-- Opening Marker --
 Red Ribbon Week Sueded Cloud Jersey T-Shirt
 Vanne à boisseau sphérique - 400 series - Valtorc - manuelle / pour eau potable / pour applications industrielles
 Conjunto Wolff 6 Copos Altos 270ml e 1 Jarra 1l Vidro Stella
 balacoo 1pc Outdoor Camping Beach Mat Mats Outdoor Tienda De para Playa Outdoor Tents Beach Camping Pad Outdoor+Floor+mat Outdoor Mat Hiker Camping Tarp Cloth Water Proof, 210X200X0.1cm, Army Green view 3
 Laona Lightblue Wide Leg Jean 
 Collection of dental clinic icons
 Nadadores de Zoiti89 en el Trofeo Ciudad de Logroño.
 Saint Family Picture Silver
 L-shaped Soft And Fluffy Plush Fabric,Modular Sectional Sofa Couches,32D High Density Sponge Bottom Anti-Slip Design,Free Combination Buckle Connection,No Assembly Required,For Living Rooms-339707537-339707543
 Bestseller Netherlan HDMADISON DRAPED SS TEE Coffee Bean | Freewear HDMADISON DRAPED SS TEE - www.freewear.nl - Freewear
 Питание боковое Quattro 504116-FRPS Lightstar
-- Closing Marker --
-- Opening Marker --
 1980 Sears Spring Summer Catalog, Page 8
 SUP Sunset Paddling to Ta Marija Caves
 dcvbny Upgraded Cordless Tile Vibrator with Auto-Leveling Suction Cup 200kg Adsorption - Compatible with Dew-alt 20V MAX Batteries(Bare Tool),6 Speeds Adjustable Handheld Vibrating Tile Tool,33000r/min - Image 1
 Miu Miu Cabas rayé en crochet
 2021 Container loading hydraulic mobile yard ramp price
-- Closing Marker --
▸ What you are asked to do:
For the material above, reproduce exactly the lines from the line with "Laona Lightblue Wide Leg Jean" to the line with "Питание боковое Quattro", inclusive, and exclude all others.

▸ Solved problem:
 Laona Lightblue Wide Leg Jean 
 Collection of dental clinic icons
 Nadadores de Zoiti89 en el Trofeo Ciudad de Logroño.
 Saint Family Picture Silver
 L-shaped Soft And Fluffy Plush Fabric,Modular Sectional Sofa Couches,32D High Density Sponge Bottom Anti-Slip Design,Free Combination Buckle Connection,No Assembly Required,For Living Rooms-339707537-339707543
 Bestseller Netherlan HDMADISON DRAPED SS TEE Coffee Bean | Freewear HDMADISON DRAPED SS TEE - www.freewear.nl - Freewear
 Питание боковое Quattro 504116-FRPS Lightstar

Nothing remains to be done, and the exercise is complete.